X_up,y_up=up.fit_resample(X,y)
X_down,y_down=down.fit_resample(X,y)

In [8]:
print('UP sampling : 1-{} 0-{}'.format(X_up[X_up[:,-1]==1].shape,X_up[X_up[:,-1]==0].shape))
print('Down sampling : 1-{} 0-{}'.format(X_down[X_down[:,-1]==1].shape,X_down[X_down[:,-1]==0].shape))

UP sampling : 1-(6341, 55) 0-(132411, 55)
Down sampling : 1-(84, 55) 0-(1836, 55)


In [9]:
from sklearn.model_selection import train_test_split

X_train,X_test,y_train,y_test=train_test_split(X,y,test_size=0.3,random_state=42,stratify=y)

X_up_train,X_up_test,y_up_train,y_up_test=train_test_split(X_up,y_up,test_size=0.3,random_state=42,stratify=y_up)
X_down_train,X_down_test,y_down_train,y_down_test=train_test_split(X_down,y_down,test_size=0.3,random_state=42,stratify=y_down)

## PCA

In [10]:
from sklearn.decomposition import PCA
from sklearn.pipeline import Pipeline

pca=PCA(n_components=20)

## Model

In [11]:
from sklearn import svm, tree, linear_model, neighbors, naive_bayes, ensemble, discriminant_analysis, gaussian_process
from xgboost import XGBClassifier

#Common Model Helpers
from sklearn.preprocessing import OneHotEncoder, LabelEncoder
from sklearn import feature_selection
from sklearn import model_selection
from sklearn import metrics
from tqdm import tqdm

# Support Vector Machine
- 선형, 비선형, 회귀, 이상치 탐색 문제에 사용할 수 있다
- 복잡한 분류 문제, 작거나 중간 크기의 데이터셋에 적합

## Large Margin Classification
SVM의 Decision Boundary는 클래스를 나누면서 제일 가까운 훈련 샘플로부터 가능한 멀리 떨어져 있다.

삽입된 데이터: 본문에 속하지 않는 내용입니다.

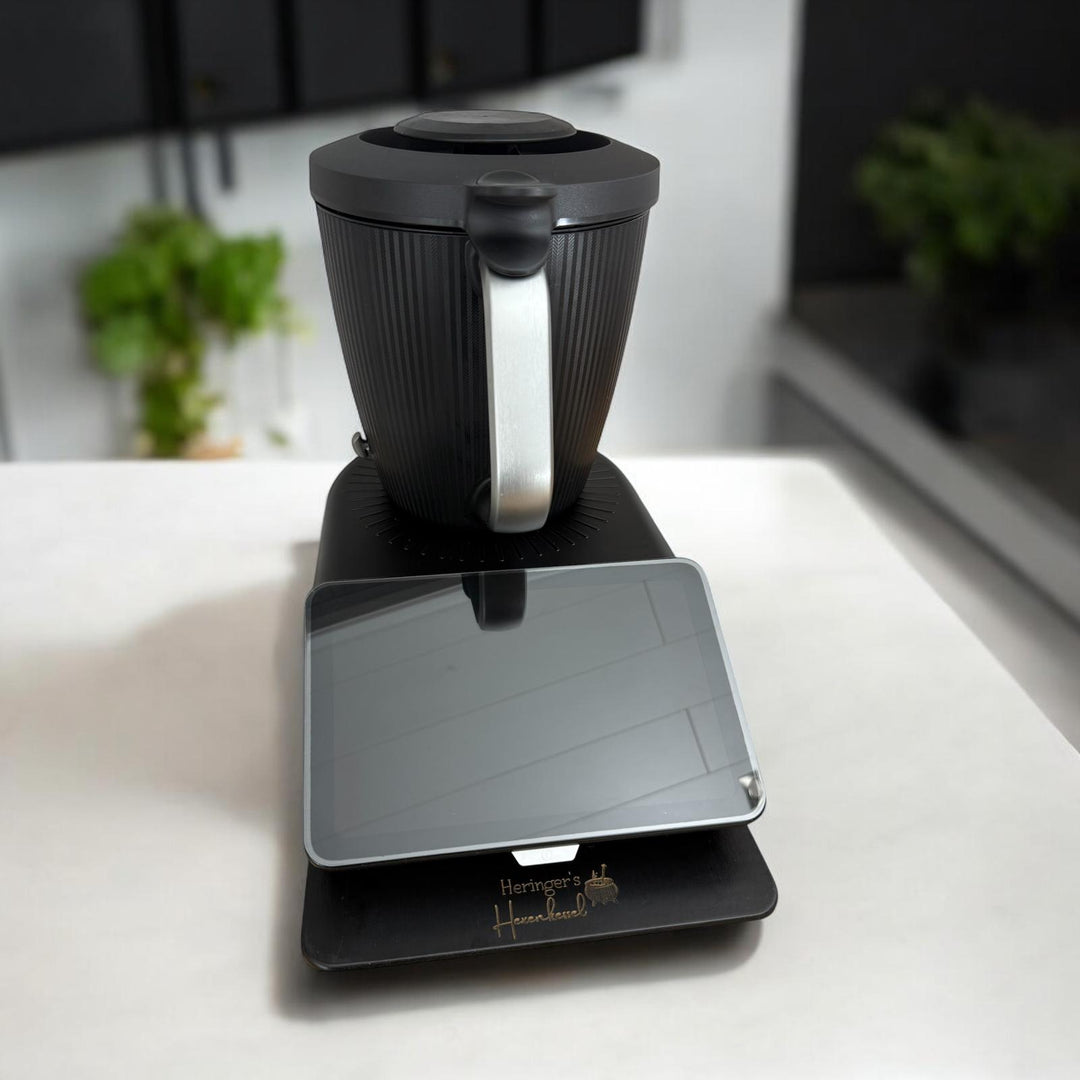 Das schwarze fitgemixt Gleitbrett für Thermomix®* TM7-Modelle bietet dir einen sicheren Halt und kann direkt hier im Shop online bestellt werden.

![](./img/large_margin_classification.JPG)
## 특성의 스케일에 민감함
![](./img/scale.JPG)
## Soft Margin Classification
- Hard Margin Classification
  - **모든** 샘플이 올바르게 분류.
  - 데이터가 선형적으로 구분될 수 있어야 함
  - 이상치에 민감
- Soft Margin Classification
  - 도로의 폭을 넓게 유지하면서
  - Margin 오류 사이의 적절한 균형
 '
![](./img/outlier.JPG)
## 라지 마진 VS 마진 오류   
- 하이퍼파라미터 C값이 작으면 폭이 커지며 마진 오류도 커진다

![](./img/margin.JPG)
## 비선형 분류  
![](./img/non-linear.JPG)

# 엑스트라 트리
- Random Forest에서 각 노드는 무작위로 서브셋을 만들어 사용
- 보통의 Decision Tree는 최적의 임계값을 찾는다
- Extra Tree는 무작위로 분할한 다음 최상의 분할을 선택

# 앙상블 학습
## 투표 기반 분류기
![](./img/ensemble.JPG)
### 직접 투표(Hard Voting)
- 각 분류기의 예측을 모아서 가장 많이 선택된 클래스를 예측

### 간접 투표(Soft Voting)
- 모든 분류기가 클래스의 확률을 예측할 수 있을 때
- 개별 분류기의 예측을 평균내어 확률이 가장 높은 클래스를 예측
- 확률이 높은 투표에 비중을 둬서 hard voting 보다 성능이 높다.


### Upsampling & PCA

In [12]:
#Machine Learning Algorithm (MLA) Selection and Initialization
MLA = [
    #Ensemble Methods
    ensemble.AdaBoostClassifier(),
    ensemble.BaggingClassifier(),
    ensemble.ExtraTreesClassifier(),
    ensemble.GradientBoostingClassifier(),
    ensemble.RandomForestClassifier(),

    #Gaussian Processes
#     gaussian_process.GaussianProcessClassifier(),
    
    #GLM
    linear_model.LogisticRegressionCV(),
    linear_model.PassiveAggressiveClassifier(),
    linear_model.RidgeClassifierCV(),
    linear_model.SGDClassifier(),
    linear_model.Perceptron(),
    
    #Navies Bayes
    naive_bayes.BernoulliNB(),
    naive_bayes.GaussianNB(),
    
    #Nearest Neighbor
    neighbors.KNeighborsClassifier(),
    
    #SVM
#     svm.SVC(probability=True),
#     svm.NuSVC(probability=True),
    svm.LinearSVC(),
    
    #Trees    
    tree.DecisionTreeClassifier(),
    tree.ExtraTreeClassifier(),
    
    #Discriminant Analysis
    discriminant_analysis.LinearDiscriminantAnalysis(),
    discriminant_analysis.QuadraticDiscriminantAnalysis(),

    
    #xgboost: http://xgboost.readthedocs.io/en/latest/model.html
    XGBClassifier()    
    ]

#create table to compare MLA metrics
MLA_columns = ['MLA Name', 'MLA Parameters','MLA Train Accuracy', 'MLA Test Accuracy', 'MLA Precision', 'MLA Recall']
MLA_compare = pd.DataFrame(columns = MLA_columns)

row_index = 0
for alg in tqdm(MLA):
    pipeline=Pipeline([('pca',pca),('MLA',alg)])
    pipeline.fit(X_up_train, y_up_train)
    y_up_pred = pipeline.predict(X_up_test)
    #set name and parameters
    MLA_name = alg.__class__.__name__
    MLA_compare.loc[row_index, 'MLA Name'] = MLA_name
    MLA_compare.loc[row_index, 'MLA Parameters'] = str(alg.get_params())
    
    MLA_compare.loc[row_index, 'MLA Train Accuracy'] = pipeline.score(X_up_train, y_up_train)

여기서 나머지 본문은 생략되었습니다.